Es gibt viel Ninas. So viele Versionen und Inkarnationen. So viele Bilder, Momente, Stimmen und Songs. So viele Gesichter mit aufgerissenem Mund. Gesichter aus mittlerweile fünf Jahrzehnten. Wie im Video zu ihrer neuen Single „16 Tons“. Nina Hagen ist eine Legende. Punk-Rock-Godmother, Aktivistin, Kunstfigur, Performance-Maschine, Jesusjüngerin, extraterrestrische Abgesandte, Brecht-Kennerin. Nina ist Anfang und Ende. Mauern einschlagen und neu anfangen. Weitermachen und nie still sein. Nina ist Viele. Und doch kann es sie nur einmal geben. The woman who fell to earth. Unkopierbar.

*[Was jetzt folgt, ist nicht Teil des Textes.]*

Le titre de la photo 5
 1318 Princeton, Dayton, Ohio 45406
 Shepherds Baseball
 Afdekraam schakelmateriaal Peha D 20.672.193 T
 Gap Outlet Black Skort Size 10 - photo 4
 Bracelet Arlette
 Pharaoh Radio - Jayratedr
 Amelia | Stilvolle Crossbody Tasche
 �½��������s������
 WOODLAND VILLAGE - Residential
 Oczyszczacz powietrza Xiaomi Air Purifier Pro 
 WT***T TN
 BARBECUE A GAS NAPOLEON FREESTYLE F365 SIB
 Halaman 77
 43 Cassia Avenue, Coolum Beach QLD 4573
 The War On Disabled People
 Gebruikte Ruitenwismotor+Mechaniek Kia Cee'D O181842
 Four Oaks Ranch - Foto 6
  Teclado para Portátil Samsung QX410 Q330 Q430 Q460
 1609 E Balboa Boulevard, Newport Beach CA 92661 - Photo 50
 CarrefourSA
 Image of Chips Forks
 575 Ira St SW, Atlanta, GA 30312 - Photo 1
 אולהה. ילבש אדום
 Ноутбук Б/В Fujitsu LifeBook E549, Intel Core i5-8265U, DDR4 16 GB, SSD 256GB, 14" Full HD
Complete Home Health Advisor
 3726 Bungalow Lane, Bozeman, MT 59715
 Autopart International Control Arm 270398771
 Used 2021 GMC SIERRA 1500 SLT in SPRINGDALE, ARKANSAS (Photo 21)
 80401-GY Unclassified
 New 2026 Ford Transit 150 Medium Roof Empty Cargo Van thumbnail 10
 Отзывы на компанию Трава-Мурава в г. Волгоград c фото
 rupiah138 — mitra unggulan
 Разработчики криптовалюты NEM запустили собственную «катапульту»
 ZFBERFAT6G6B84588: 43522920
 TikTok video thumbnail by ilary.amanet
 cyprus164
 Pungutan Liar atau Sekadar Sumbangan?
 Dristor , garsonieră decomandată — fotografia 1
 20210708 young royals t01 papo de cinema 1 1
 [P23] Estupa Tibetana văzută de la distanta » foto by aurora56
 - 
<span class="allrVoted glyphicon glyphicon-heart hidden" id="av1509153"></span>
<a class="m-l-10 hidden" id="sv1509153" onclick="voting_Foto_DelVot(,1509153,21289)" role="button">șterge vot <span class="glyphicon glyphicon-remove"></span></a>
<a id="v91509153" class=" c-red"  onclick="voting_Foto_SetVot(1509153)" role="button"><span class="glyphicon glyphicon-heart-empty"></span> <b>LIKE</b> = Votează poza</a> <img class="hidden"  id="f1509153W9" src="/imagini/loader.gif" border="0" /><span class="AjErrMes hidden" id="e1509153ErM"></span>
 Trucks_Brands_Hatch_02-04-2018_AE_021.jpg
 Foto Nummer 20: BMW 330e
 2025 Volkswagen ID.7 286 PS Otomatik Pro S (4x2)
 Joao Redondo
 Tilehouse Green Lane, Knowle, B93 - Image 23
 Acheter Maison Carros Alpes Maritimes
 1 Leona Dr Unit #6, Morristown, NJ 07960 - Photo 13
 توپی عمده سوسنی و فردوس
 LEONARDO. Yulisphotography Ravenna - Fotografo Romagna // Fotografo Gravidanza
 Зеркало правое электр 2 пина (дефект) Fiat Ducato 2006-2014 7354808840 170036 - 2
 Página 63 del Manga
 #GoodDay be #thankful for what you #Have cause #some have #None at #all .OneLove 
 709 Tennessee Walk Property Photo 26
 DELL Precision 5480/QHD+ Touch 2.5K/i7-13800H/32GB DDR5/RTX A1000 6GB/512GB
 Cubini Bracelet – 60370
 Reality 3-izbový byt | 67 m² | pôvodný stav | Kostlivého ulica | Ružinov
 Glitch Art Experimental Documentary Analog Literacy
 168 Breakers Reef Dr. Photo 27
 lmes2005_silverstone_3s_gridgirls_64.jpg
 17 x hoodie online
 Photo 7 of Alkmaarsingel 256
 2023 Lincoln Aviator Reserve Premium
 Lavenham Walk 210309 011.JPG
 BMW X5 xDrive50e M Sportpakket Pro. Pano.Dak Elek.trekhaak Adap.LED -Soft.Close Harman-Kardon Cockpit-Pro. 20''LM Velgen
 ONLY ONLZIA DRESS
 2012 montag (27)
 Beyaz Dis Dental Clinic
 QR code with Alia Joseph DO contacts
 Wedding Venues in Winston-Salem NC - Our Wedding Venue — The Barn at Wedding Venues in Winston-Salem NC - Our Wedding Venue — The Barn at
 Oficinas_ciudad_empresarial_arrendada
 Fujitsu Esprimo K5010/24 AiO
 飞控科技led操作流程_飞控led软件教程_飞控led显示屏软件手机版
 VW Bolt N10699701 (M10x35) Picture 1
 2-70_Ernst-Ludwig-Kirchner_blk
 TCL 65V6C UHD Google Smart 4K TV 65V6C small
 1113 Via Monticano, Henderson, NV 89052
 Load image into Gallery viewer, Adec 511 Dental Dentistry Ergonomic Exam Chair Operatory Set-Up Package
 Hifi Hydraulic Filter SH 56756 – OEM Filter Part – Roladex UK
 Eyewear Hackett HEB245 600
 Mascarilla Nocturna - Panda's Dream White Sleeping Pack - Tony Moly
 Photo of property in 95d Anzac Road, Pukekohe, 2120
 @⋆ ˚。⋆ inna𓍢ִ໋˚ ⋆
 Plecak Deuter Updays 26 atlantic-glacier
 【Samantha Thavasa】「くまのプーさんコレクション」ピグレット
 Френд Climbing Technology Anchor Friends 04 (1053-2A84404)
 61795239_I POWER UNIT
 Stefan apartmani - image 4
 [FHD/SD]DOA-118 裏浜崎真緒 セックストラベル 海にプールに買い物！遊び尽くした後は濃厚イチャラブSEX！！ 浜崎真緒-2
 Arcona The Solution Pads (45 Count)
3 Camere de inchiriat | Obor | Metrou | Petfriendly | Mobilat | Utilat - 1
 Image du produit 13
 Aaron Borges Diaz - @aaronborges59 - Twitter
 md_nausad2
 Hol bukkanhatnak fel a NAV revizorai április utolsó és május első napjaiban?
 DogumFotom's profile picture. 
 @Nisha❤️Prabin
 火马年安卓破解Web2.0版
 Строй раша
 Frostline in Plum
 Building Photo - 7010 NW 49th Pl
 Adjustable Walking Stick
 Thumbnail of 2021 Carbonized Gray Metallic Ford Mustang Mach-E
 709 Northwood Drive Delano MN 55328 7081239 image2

Nina Hagen, die schönste und schrillste Brandstifterin zwischen Punk und Pop, Ost und West und Outta Space, die Deutschland je hervorgebracht hat, ist endlich zurück. Am 9. Dezember 2022 erscheint ihr neues Album „UNITY“ auf Grönland Records. Es ist das erste seit „VOLKSBEAT“ von 2011. Die Zeit war also längst reif.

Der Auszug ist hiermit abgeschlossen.